**Exercise brief:** Taking the line with "DOHA, QATAR - APRIL" as the first, copy every line through the end of the records below exactly. Do not include pictures.

**Short text fragments from websites:**

§ §

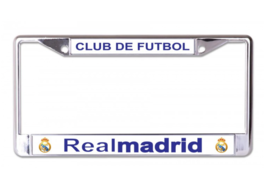 Club De Futbol Realmadrid White Real Madrid Football Chrome License Plate Frame - £23.97 GBP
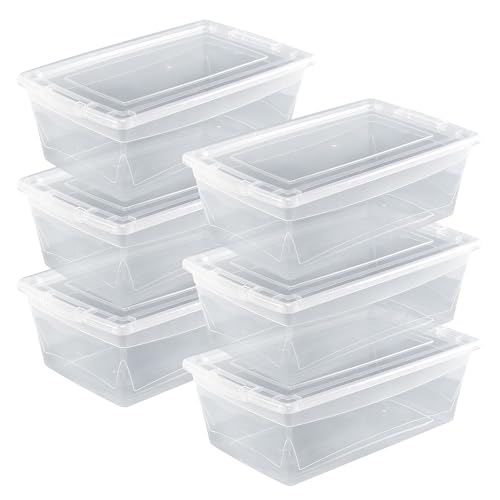 Guateplast - Juego de 6 Contenedores de Almacenamiento de Plástico 6Qt (6 litros) | Contenedores plásticos para organizar espacios | Caja de Plástico | Cajas Plásticas | Organizadores | Color Natural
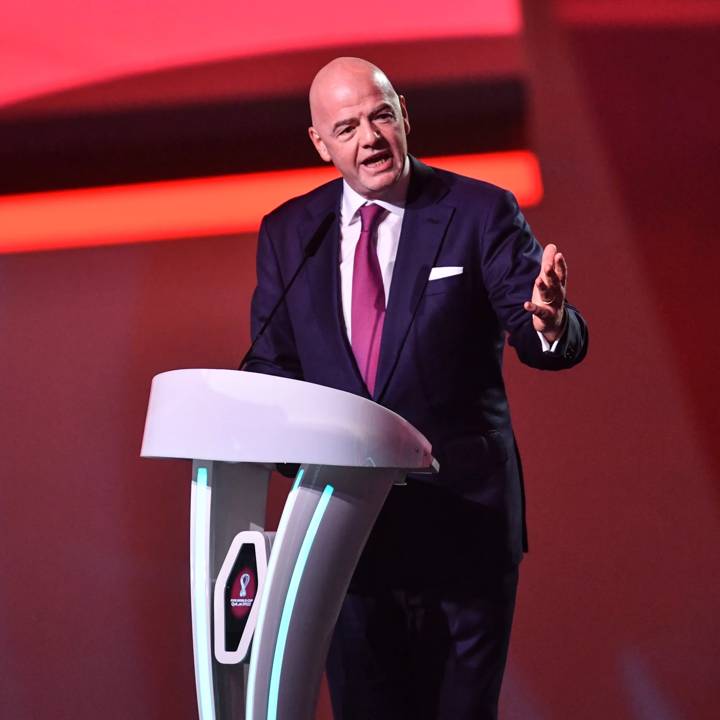 DOHA, QATAR - APRIL 1: FIFA President Gianni Infantino during the FIFA World Cup Qatar 2022 Final Draw at Doha Exhibition and Convention Center on April 1, 2022 in Doha, Qatar. (Photo by Harold Cunningham -  FIFA / FIFA via Getty Images)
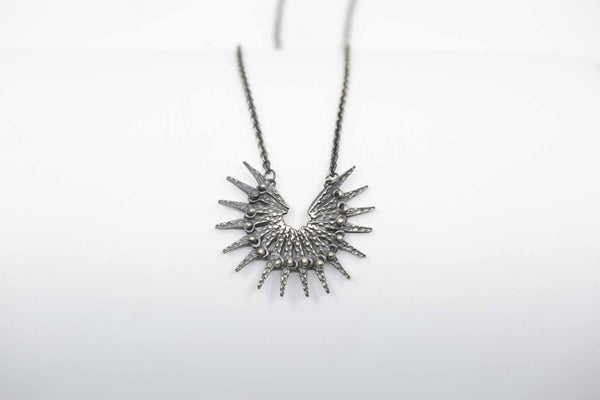 Oxidized Silver Stingray Necklace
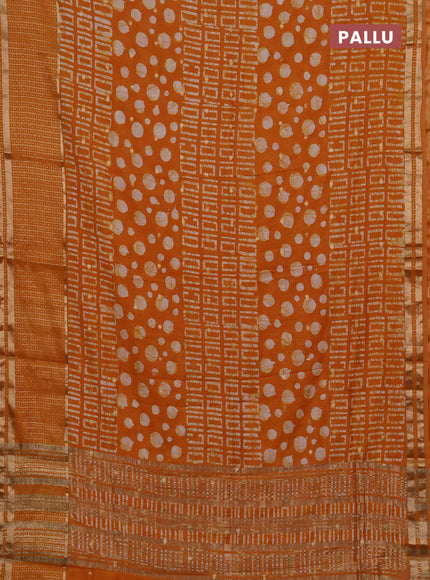 Mango Yellow Semi Chanderi Saree - Batik Prints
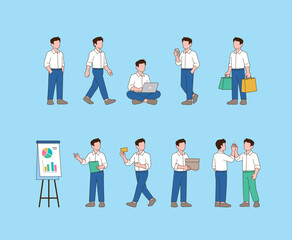 Obraz premium Business Man Character Set with Various Poses, Office Worker Flat Vector Illustration Collection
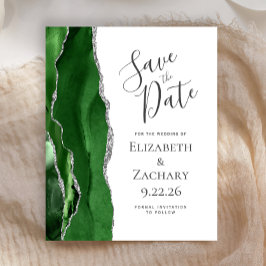 Budget Hunter Green Agate Silver Save the Date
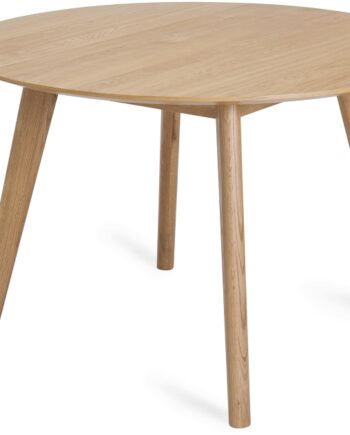 Spisebord Nordique Design Rho   Rundt ø115 Cm Natur Mdf  Egetræsfinér   Ben   Massiv Eg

§ §

**Answer area:**
 DOHA, QATAR - APRIL 1: FIFA President Gianni Infantino during the FIFA World Cup Qatar 2022 Final Draw at Doha Exhibition and Convention Center on April 1, 2022 in Doha, Qatar. (Photo by Harold Cunningham -  FIFA / FIFA via Getty Images)
 Oxidized Silver Stingray Necklace
 Mango Yellow Semi Chanderi Saree - Batik Prints
 Obraz premium Business Man Character Set with Various Poses, Office Worker Flat Vector Illustration Collection
 Budget Hunter Green Agate Silver Save the Date
 Spisebord Nordique Design Rho   Rundt ø115 Cm Natur Mdf  Egetræsfinér   Ben   Massiv Eg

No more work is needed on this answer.